> [Work item] Exclude the pictures and set down, unaltered, the lines from the one that holds "Del 10 al 14" through the end of the data.

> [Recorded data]
+++

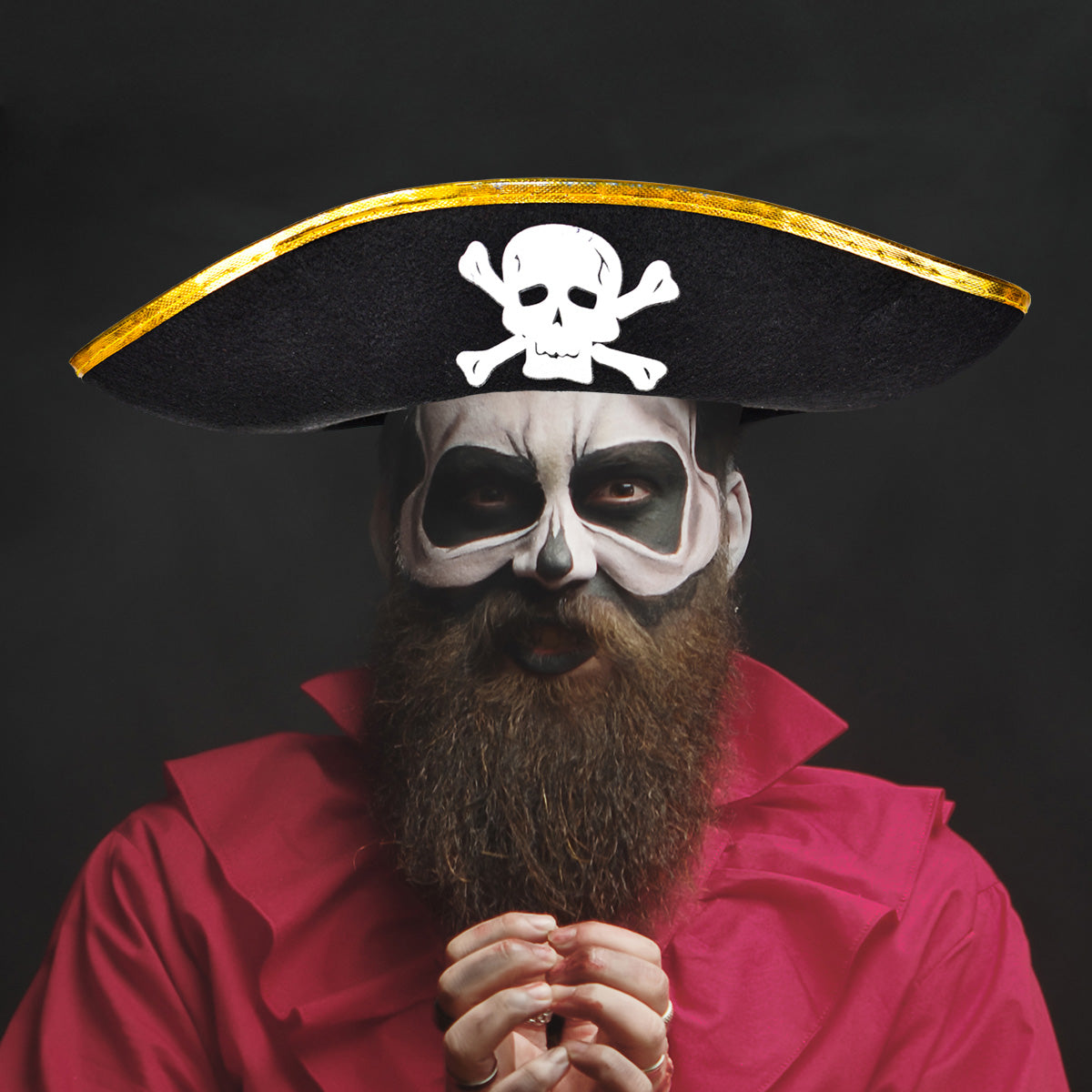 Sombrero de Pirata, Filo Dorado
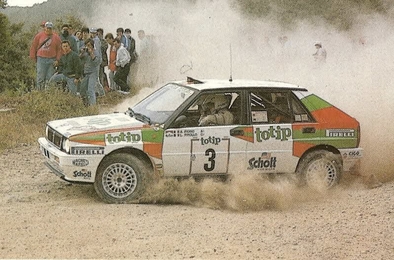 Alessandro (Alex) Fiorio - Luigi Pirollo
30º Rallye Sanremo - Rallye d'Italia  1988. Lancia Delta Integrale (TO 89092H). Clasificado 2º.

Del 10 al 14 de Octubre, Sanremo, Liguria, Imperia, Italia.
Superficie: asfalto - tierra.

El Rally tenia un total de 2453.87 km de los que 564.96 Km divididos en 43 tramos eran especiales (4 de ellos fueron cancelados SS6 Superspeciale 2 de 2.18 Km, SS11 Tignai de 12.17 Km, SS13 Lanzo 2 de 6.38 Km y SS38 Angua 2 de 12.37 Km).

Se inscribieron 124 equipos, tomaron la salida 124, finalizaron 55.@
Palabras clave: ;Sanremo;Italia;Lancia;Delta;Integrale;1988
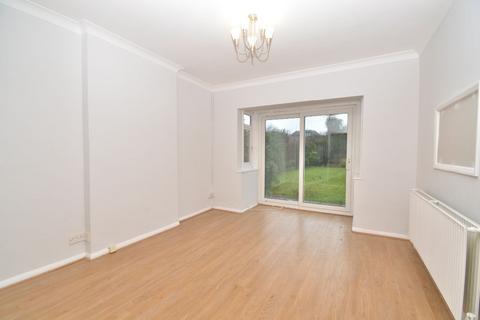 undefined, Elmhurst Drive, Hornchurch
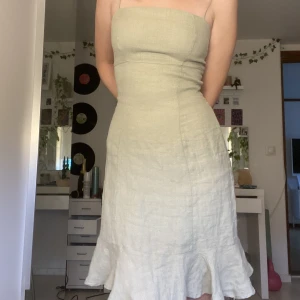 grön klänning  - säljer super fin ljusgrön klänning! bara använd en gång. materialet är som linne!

+++

> [Response to this task]
Del 10 al 14 de Octubre, Sanremo, Liguria, Imperia, Italia.
Superficie: asfalto - tierra.

El Rally tenia un total de 2453.87 km de los que 564.96 Km divididos en 43 tramos eran especiales (4 de ellos fueron cancelados SS6 Superspeciale 2 de 2.18 Km, SS11 Tignai de 12.17 Km, SS13 Lanzo 2 de 6.38 Km y SS38 Angua 2 de 12.37 Km).

Se inscribieron 124 equipos, tomaron la salida 124, finalizaron 55.@
Palabras clave: ;Sanremo;Italia;Lancia;Delta;Integrale;1988
 undefined, Elmhurst Drive, Hornchurch
 grön klänning  - säljer super fin ljusgrön klänning! bara använd en gång. materialet är som linne!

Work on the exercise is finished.